→ What the exercise asks:
Please repeat the entries word for word and keep the images out.

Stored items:

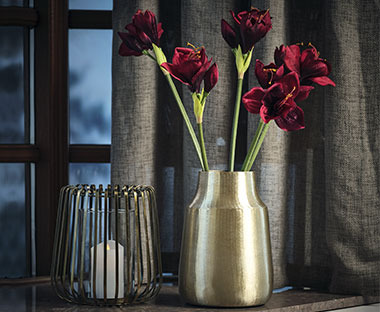 Zlatna vaza sa crvenim umjetnim cvjetovima i elegantni fenjer sa svijećom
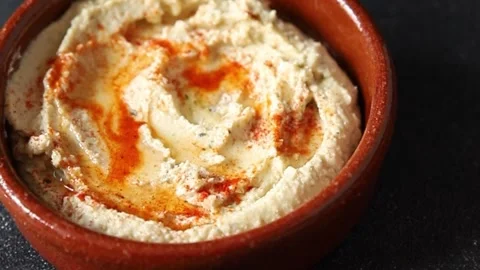 Hummus chickpea dip tasty appetizer vegetable dish fresh gourmet Stock Footage 306772201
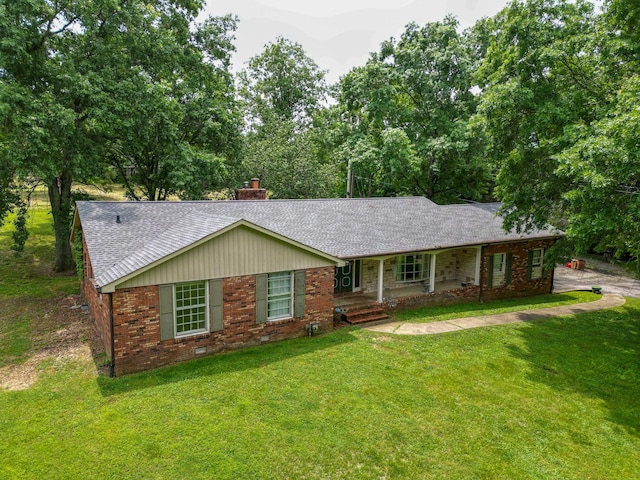 1094B Center Point Rd, Hendersonville, TN 37075 - ranch-style house with roof with shingles, brick siding, covered porch, a front lawn, and a chimney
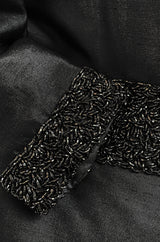 1950s Black Silk Evening Coat w Heavy Beading at the Hem, Cuffs & Waist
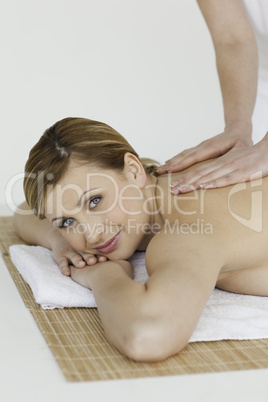 Young blond-haired woman getting a massage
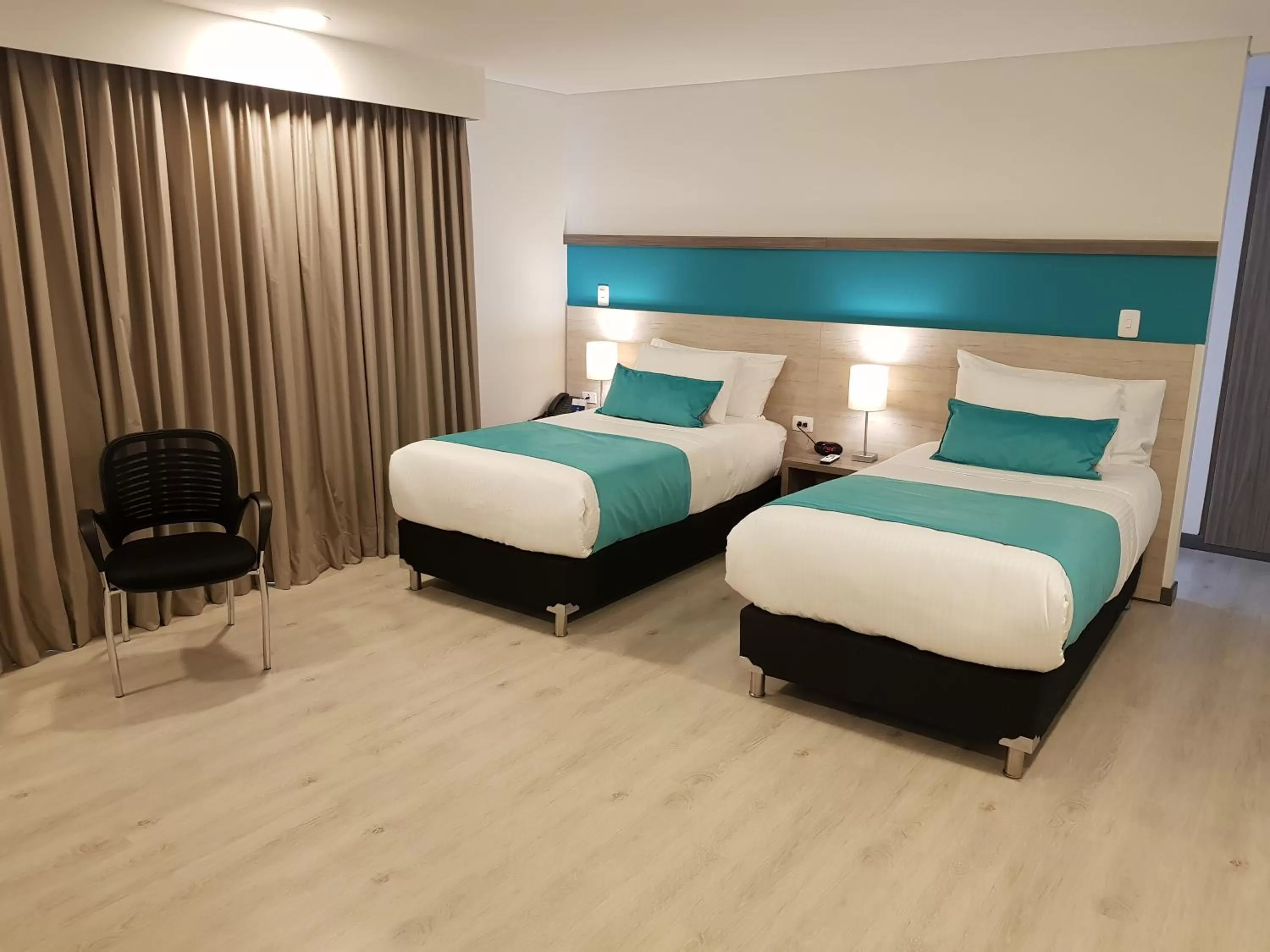 Bed in Hotel Nivari Duitama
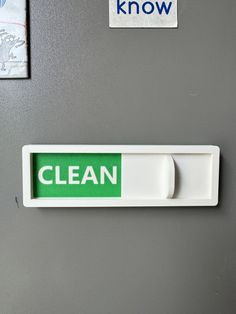 a white and green clean sign on a gray refrigerator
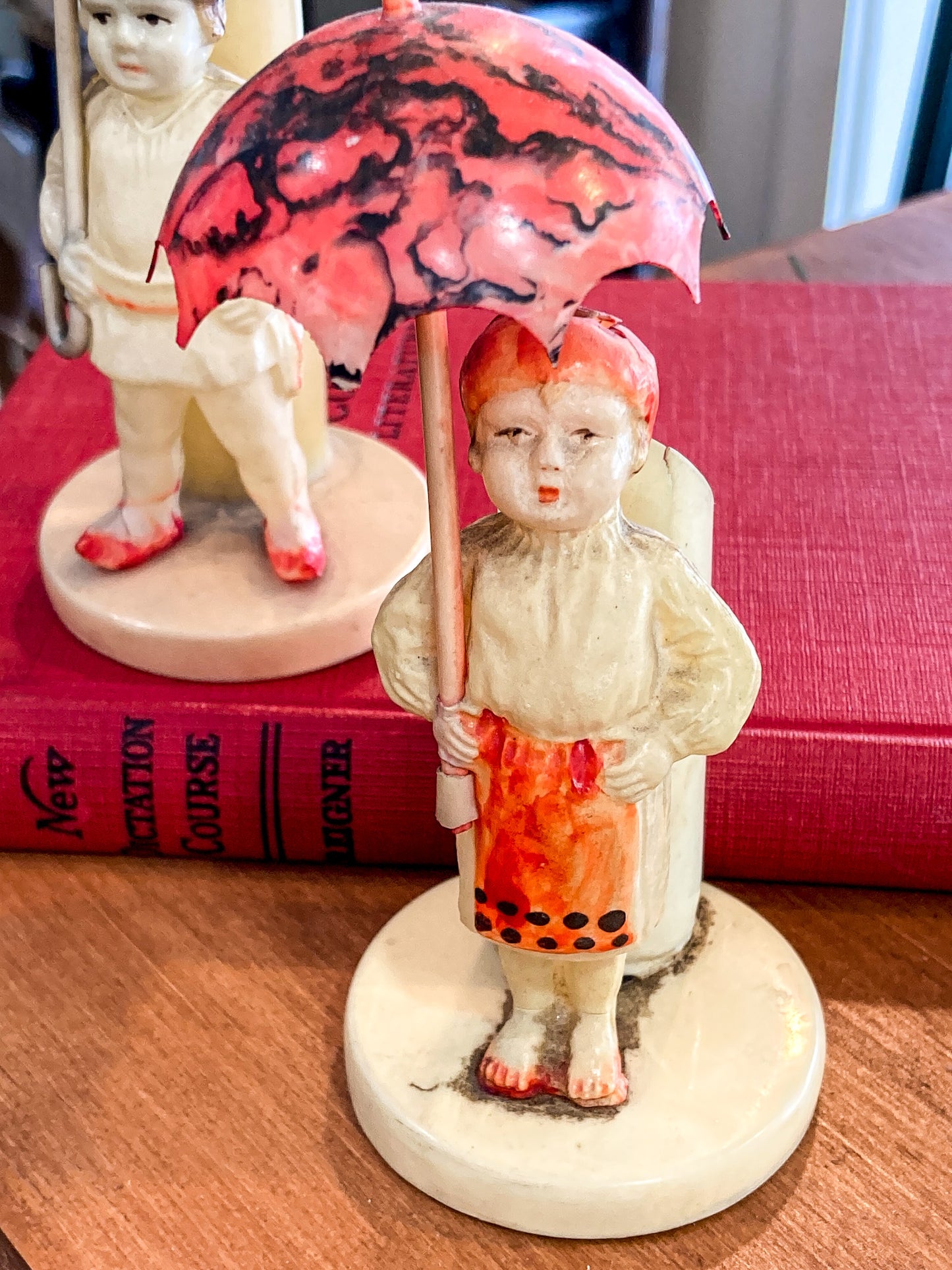 Pair Antique Celluloid Folk Figural Couple with Umbrellas Toothpick Holders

→ Answer below:
 Zlatna vaza sa crvenim umjetnim cvjetovima i elegantni fenjer sa svijećom
 Hummus chickpea dip tasty appetizer vegetable dish fresh gourmet Stock Footage 306772201
 1094B Center Point Rd, Hendersonville, TN 37075 - ranch-style house with roof with shingles, brick siding, covered porch, a front lawn, and a chimney
 1950s Black Silk Evening Coat w Heavy Beading at the Hem, Cuffs & Waist
 Young blond-haired woman getting a massage
 Bed in Hotel Nivari Duitama
 a white and green clean sign on a gray refrigerator
 Pair Antique Celluloid Folk Figural Couple with Umbrellas Toothpick Holders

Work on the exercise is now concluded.